Google's privacy faux pas with Reader

By Elinor Mills on 28 December 2007

Tags: google | facebook | share | people | item | opt | blog | contact | know | number

In its attempts to add social elements to products, is Google pulling a Facebook?

Google Reader has allowed people to share items they are interested in with others since 2006 with hyperlinks, clips on blogs and storing them on a public page that you had to know the URL for to see.

Last week, Google tweaked Google Reader so that your shared items are automatically made available to your Google Talk contacts.

But, as anyone who uses instant messaging knows, not all of your IM contacts are friends. Many are acquaintances or people you barely know and with whom you may not want to share a reading list.

Recently, Facebook was forced to modify its new Beacon ad targeting service that notifies friends in your network when you buy things on sites of Facebook partners.

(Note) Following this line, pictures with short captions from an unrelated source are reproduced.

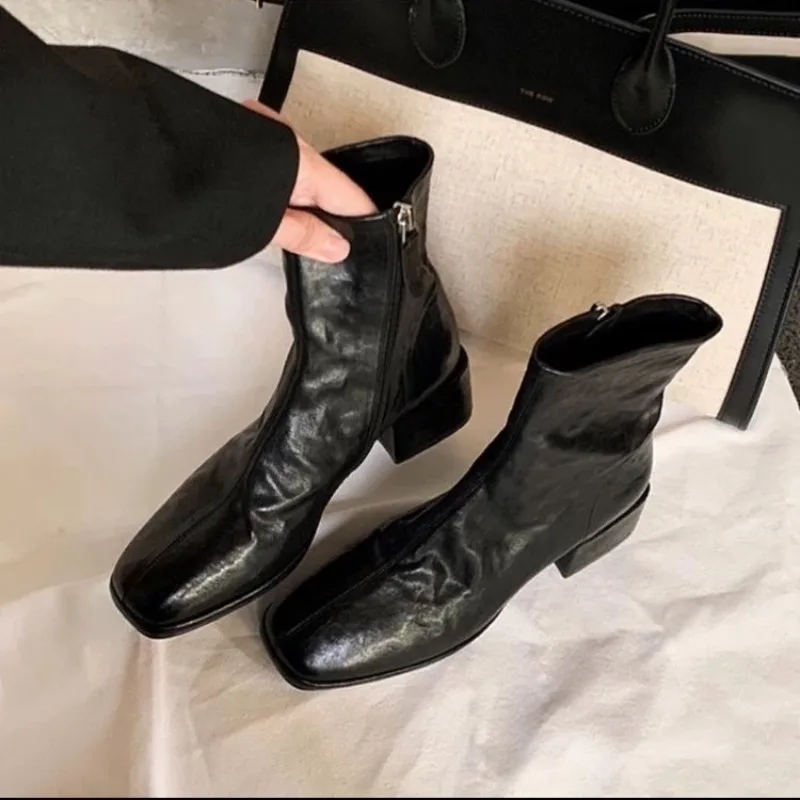 Novos Sapatos Femininos, Botas - New Ethnic Fashion avaliação e preço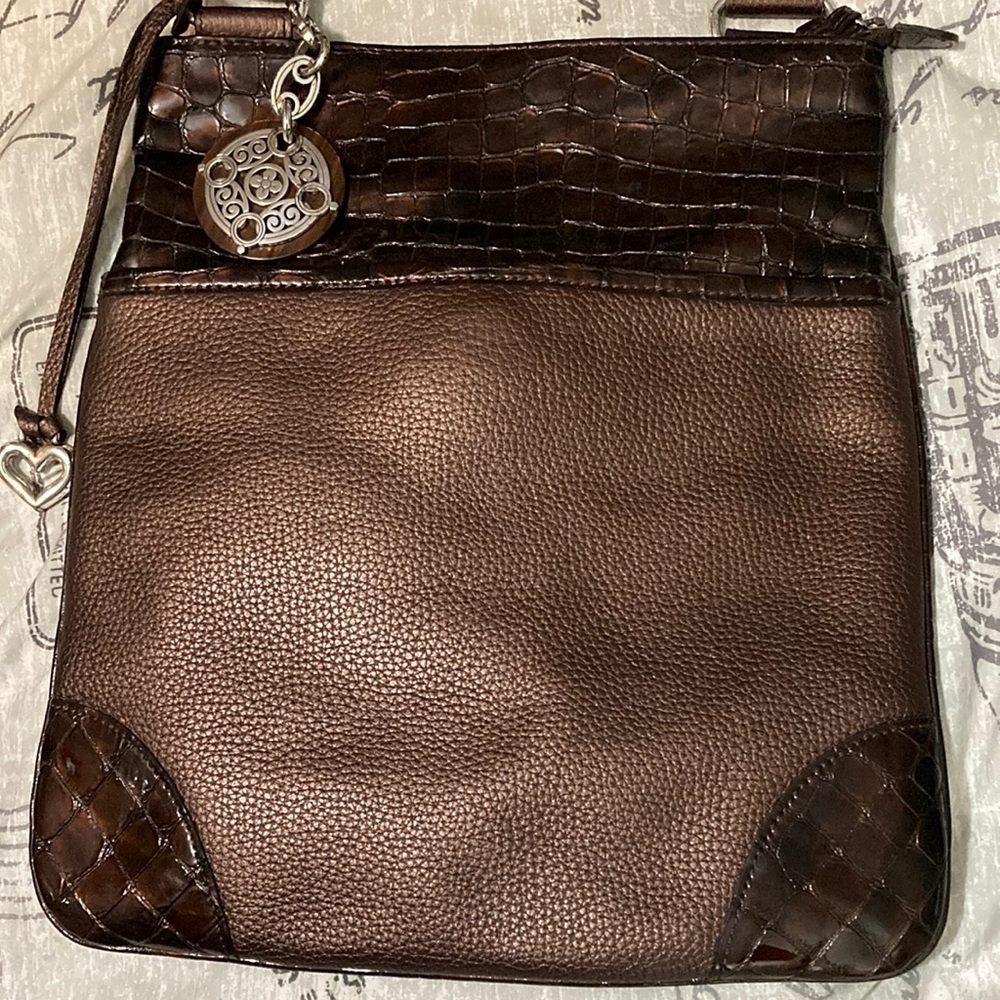 Brighton EUC Peyton Faux Crocodile Pebbled Leather Copper/Brown Bag with charm.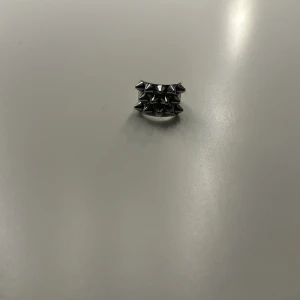 Edblad ring  - Nu säljer jag min silver ring från Edblad så tyvärr har blivit för liten. Det är använd Max 10 gånger💕💕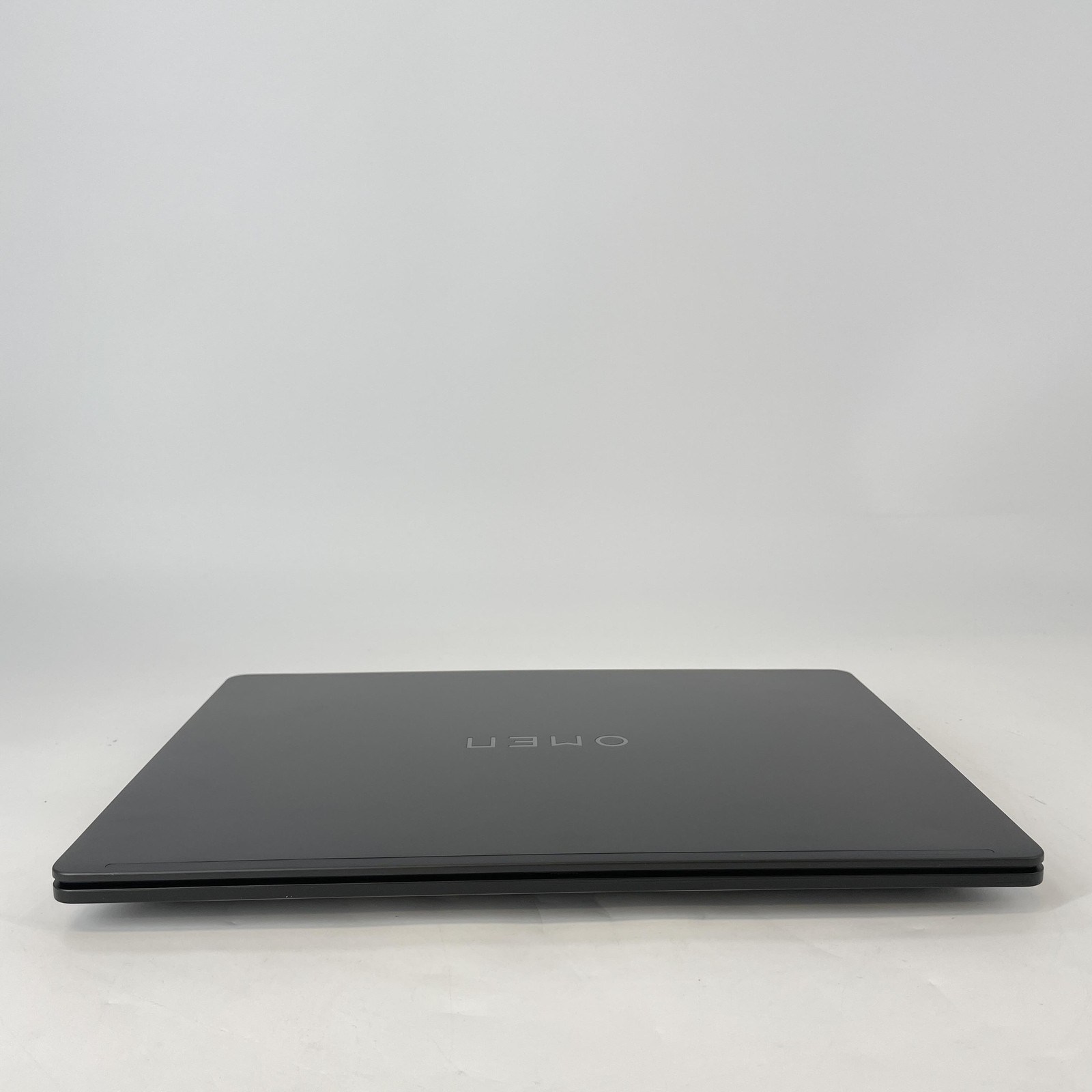 HP Omen Max 16 240Hz QHD+ 2.7 GHz Ultra 9 275HX 64GB 2TB SSD NVIDIA RTX 5080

Facebook made that an opt-in feature, however, after consumer groups and Facebook members complained the service violated people's privacy.

Google, too, has been crucified in the blogosphere over its Google Reader change, with bloggers saying the Google Talk contact sharing feature should be opt in, not opt out.

To calm the masses, Google posted an item on the Google Reader Blog that explains the company's reasoning behind the change and tells how to clear the shared-items list and how to tag items to share with a limited number of people.

"We'd hoped that making it easier to share with the people you chat with often would be useful and interesting, but we underestimated the number of users who were using the Share button to send stories to a limited number of people," the blog says.

Danny Sullivan, editor of the Search Engine Land blog, writes: "Frankly, a better solution would be to dump the friends sharing feature until it comes back in a new form, where you specifically and deliberately create a list of contacts that you do want to share material with."